第241回相続コラム 相続分の譲渡と相続分の放棄の違いについてまとめ

過去数回に渡って、相続分の譲渡と相続分の放棄について解説してきました。今回のコラムでは、
相続分の譲渡と相続分の放棄の違いについてまとめてみたいと思います。

 

相続分の譲渡と放棄の違い

相続分の譲渡とは、自身の有する『遺産の取り分』を、他人に譲り渡すことをいいます。相続分の譲渡は、他の共同相続人を譲受人とする場合がほとんどですが、譲受人は、他の共同相続人以外の第三者でも問題ありません。また、相続分の譲渡は無償でも有償でも可能です。

相続分の放棄とは、自身の法定相続分を放棄する意思表示のことをいいます。簡単に言うと、自身の『遺産の取り分』を放棄することです。

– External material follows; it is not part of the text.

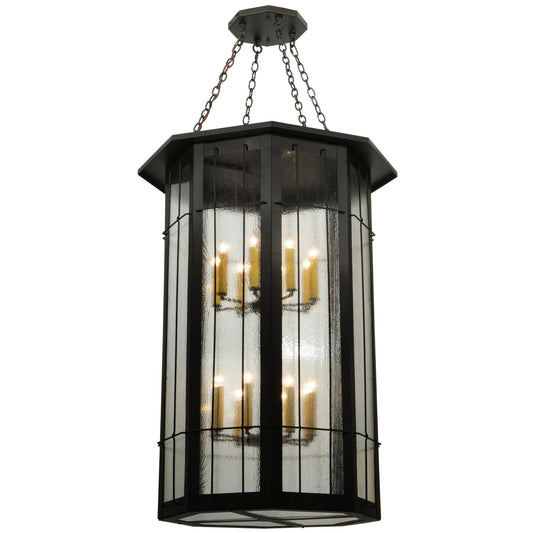 Meyda Lighting West Albany 38 Inch Large Pendant Cp13893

相続分の譲渡も相続分の放棄も、どちらも不要式行為(決まった方式はない)であり、また、相続開始後であれば遺産分割が成立するまでいつでも可能という点で共通しています。

相続分を全て他の共同相続人に譲渡すると、自身の『遺産の取り分』は全てなくなるため、相続分を放棄したのと似た状況になります。

ただし、相続分の譲渡は、特定の誰かに相続分を譲り渡すのに対して、相続分の放棄は、特定の誰かに譲り渡すわけではありません。相続分の放棄をすると、放棄した者が有していた遺産の取り分は、他の共同相続人が、その相続分の割合に応じて取得することになります。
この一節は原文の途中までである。